No fiction this week, on account of a very busy, family-filled, holiday weekend.
When I go grocery shopping I occasionally look at the items on the conveyor belt; it’s a sort of game for me, to pass the time while I wait for the person in front of me to be rung up. It’s always fun to see what other shoppers are buying, and try to figure out whatever I can about them from their choices. But I always keep in mind that I might be wrong.
While cleaning out my fabric grocery bags I actually looked at one of my receipts. It was from earlier this summer: dry cat food, ham and cheese hot pockets, slimfast shakes, strawberries, blueberries, cool whip, batteries, and three six-packs of IRC soda (two cream soda and one black cherry). I wonder what the cashier thought of the selection, assuming that she was even interested in that sort of thing. The fruit and cool whip are, I think, self-explanatory. But slimfast paired with soda and hot pockets? Maybe she thought I was one of those dieters who think that replacing one or two meals a day with diet shakes means you can eat whatever you want at other meals.
Part of me wants to somehow tell her that the slimfast is my way of actually eating breakfast (I like to sleep as late as I possibly can on work/school days) rather than part of any diet. The hot pockets were, this time, for my husband (I still had some of my favorite pizza ones left), and the soda is a reward. I drink a cream soda when I need to relax from a day (or week) of hard work, and I rarely have more than one a week. Those twelve bottles (the black cherry was for my husband to try) will last me nearly three months.
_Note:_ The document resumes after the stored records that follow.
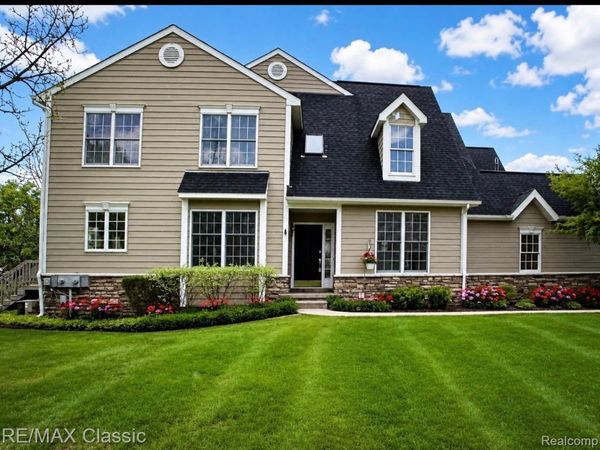 26426 Island Lake Drive, Unit 24, Novi, Mi 48374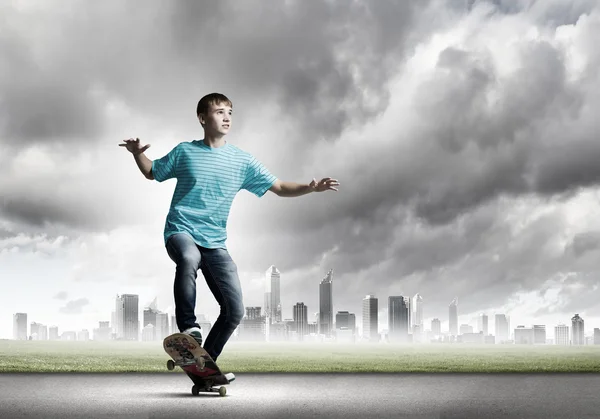 Teenager auf Skateboard — Stockfoto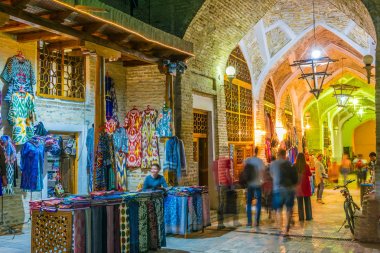 Buhara Tarihi Merkezi, Özbekistan'da akşam sokak satışları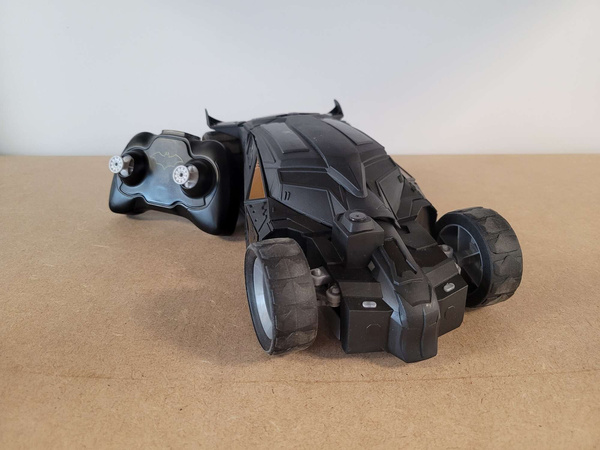 OUTLET Batman Batmobile zdalnie sterowany pojazd RC samochód auto i figurka DC Comics WADLIWY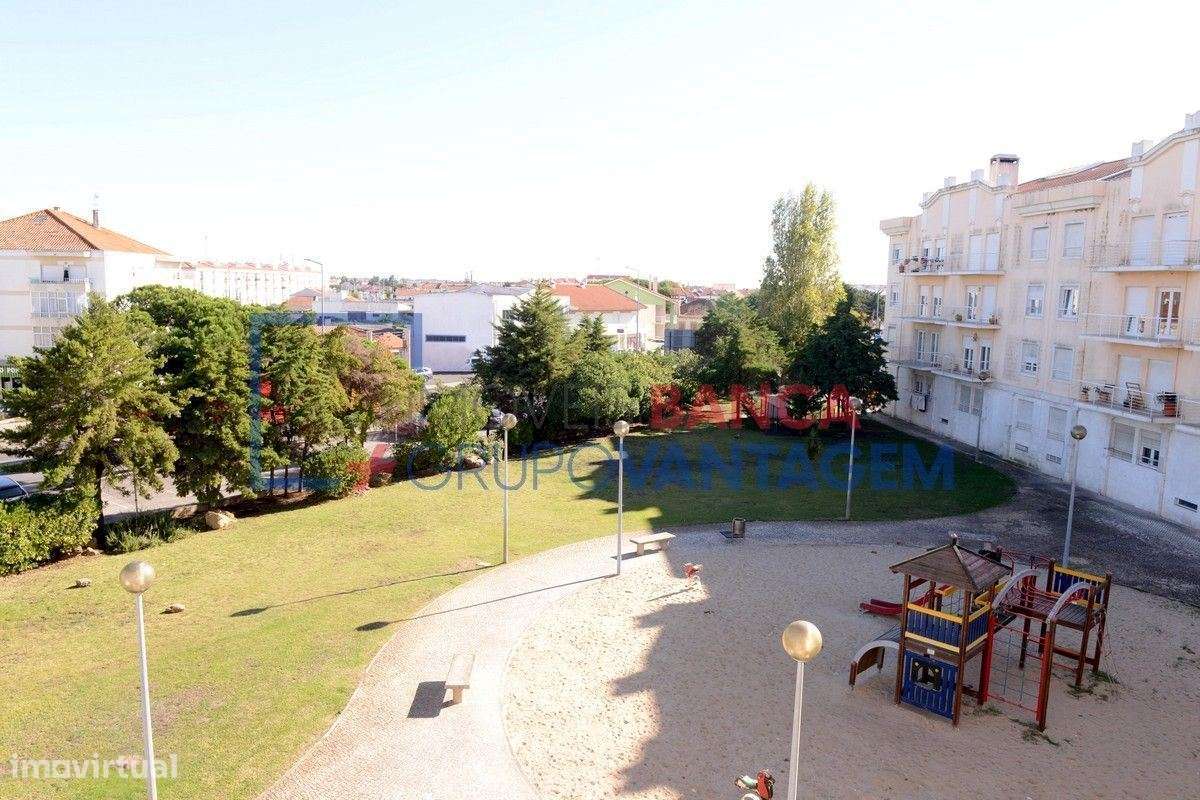 Apartamento T3 com Arrecadação em Condominio com piscina e parque i... - Grande imagem: 4/20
I’m guessing that the cashiers don’t really care what I buy, though I could be wrong about that. Perhaps they like to play the same guessing game I do. Perhaps they have become inured to the items that they scan and bag. But there is a story behind each and every assortment of groceries on that conveyor belt, even if it’s something as simple as running out of milk. So I challenge you to occasionally look at that conveyor belt and come up with explanations for your fellow shoppers’ choices. Then take a moment to realize that you might be entirely wrong about your assumptions, or you might be entirely right.